- Task prompt
Return, exactly and in full, the lines of the records below starting at the one with "Quarto com uma" and ending at the one with "A close up photo of a wax full moon head.", and no other lines.

- Provided data
————
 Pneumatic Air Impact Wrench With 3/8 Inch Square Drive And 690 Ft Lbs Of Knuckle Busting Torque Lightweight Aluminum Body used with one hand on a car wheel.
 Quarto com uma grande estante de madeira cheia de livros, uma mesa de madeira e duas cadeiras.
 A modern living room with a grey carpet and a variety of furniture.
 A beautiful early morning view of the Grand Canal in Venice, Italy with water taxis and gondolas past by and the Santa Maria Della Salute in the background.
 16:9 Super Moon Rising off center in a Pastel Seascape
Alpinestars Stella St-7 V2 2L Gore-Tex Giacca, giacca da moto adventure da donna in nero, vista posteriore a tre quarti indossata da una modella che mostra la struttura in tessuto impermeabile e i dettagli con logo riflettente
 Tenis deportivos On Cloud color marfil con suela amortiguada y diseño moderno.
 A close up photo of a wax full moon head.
————
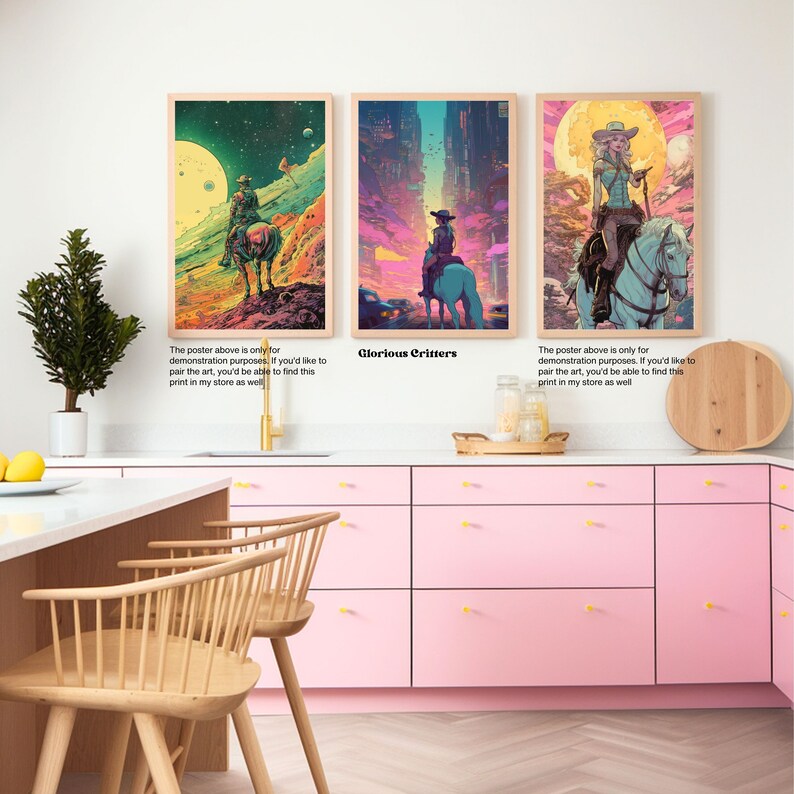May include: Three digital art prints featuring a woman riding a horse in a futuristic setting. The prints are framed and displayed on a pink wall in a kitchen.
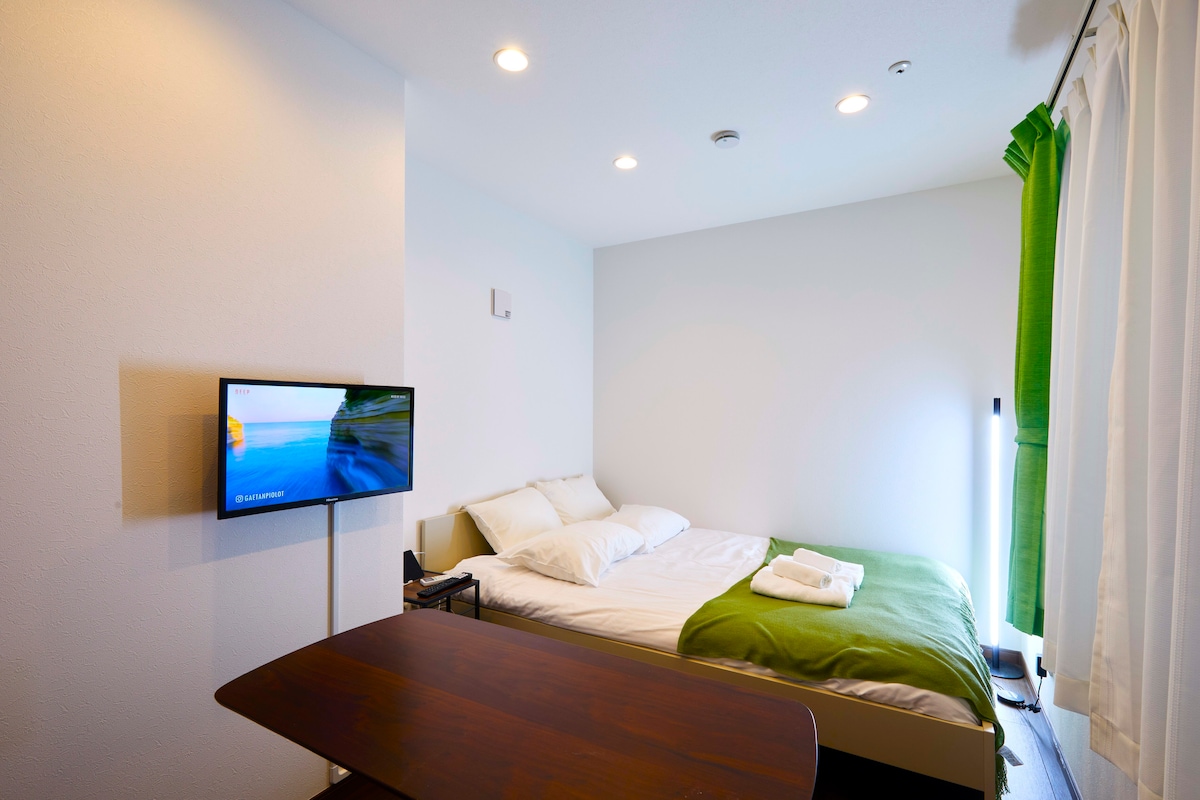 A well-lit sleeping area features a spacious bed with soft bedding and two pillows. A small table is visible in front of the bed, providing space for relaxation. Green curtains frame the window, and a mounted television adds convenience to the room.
————
- Task solution
 Quarto com uma grande estante de madeira cheia de livros, uma mesa de madeira e duas cadeiras.
 A modern living room with a grey carpet and a variety of furniture.
 A beautiful early morning view of the Grand Canal in Venice, Italy with water taxis and gondolas past by and the Santa Maria Della Salute in the background.
 16:9 Super Moon Rising off center in a Pastel Seascape
Alpinestars Stella St-7 V2 2L Gore-Tex Giacca, giacca da moto adventure da donna in nero, vista posteriore a tre quarti indossata da una modella che mostra la struttura in tessuto impermeabile e i dettagli con logo riflettente
 Tenis deportivos On Cloud color marfil con suela amortiguada y diseño moderno.
 A close up photo of a wax full moon head.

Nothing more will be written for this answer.